Good morning. The U.S. Treasury marked the three-year anniversary of the disputed election of Belarusian President Alexander Lukashenko by expanding its sanctions on Belarus, targeting the country’s flagship airline, three other companies and a government office involved in suppressing a news site.
The Office of Foreign Assets Control on Wednesday said the broader sanctions responded to the country’s “complicity” in Russia’s war in Ukraine and its “callous crackdown” on Belarus’s pro-democracy movement.
In the enhanced sanctions package, OFAC designated Belavia, the country’s main airline, under an executive order that allows U.S. officials to seize any of its assets on U.S. soil and prohibits Americans from doing business with it.
In Wednesday’s round, OFAC also sanctioned a jet it said is operated by Belavia and used by high-ranking officials and family members connected to the Lukashenko regime.

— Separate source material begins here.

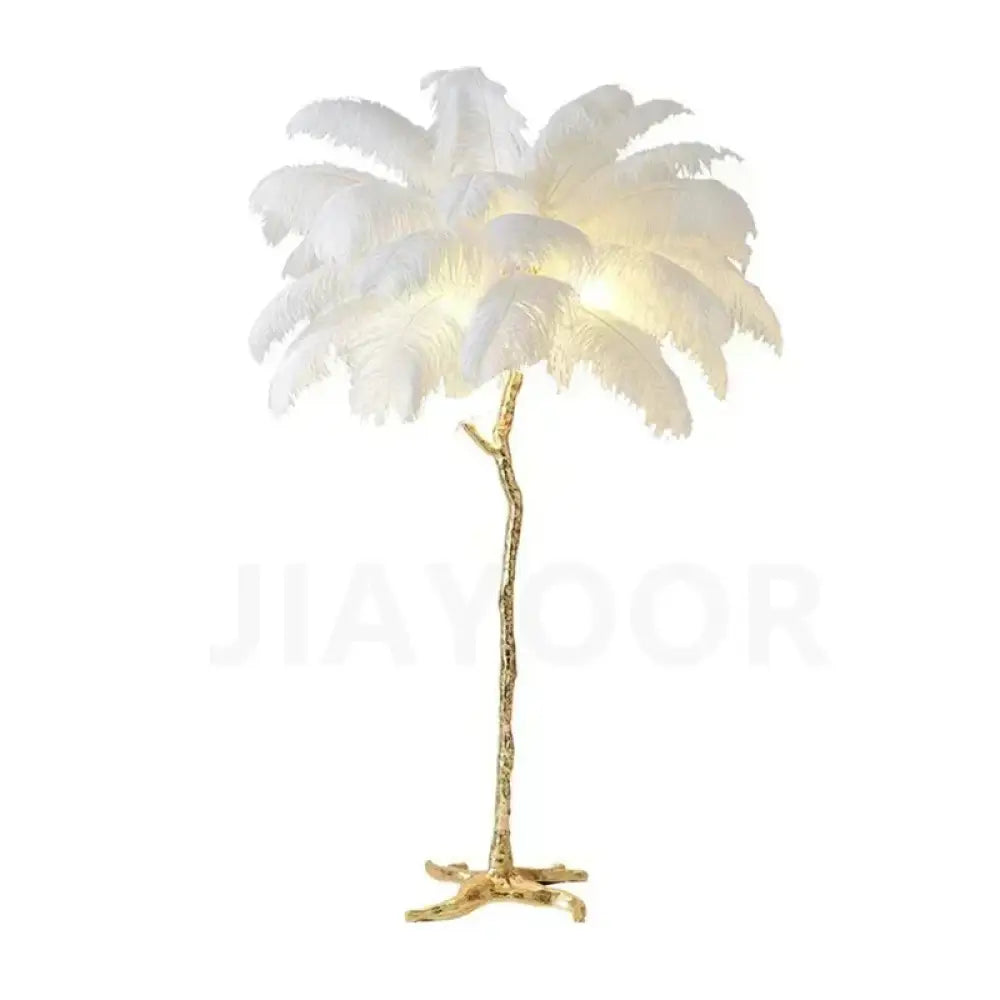 Modern Luxury Feather Floor Lamp Apartment Living Room Bedroom Ostrich Bedside Desk Lamp Decorative LED Lighting Villa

The agency also sanctioned a state-owned aviation plant and BSW, a state-owned steel works, along with a Bel-Kap-Steel, a Miami-based joint venture with BSW.
In response to the Treasury’s actions, the Belarusian Embassy in Washington said that “unilateral sanctions are illegitimate and contrary to international law,” calling U.S. statements about its support for the Belarusian people “the height of hypocrisy.”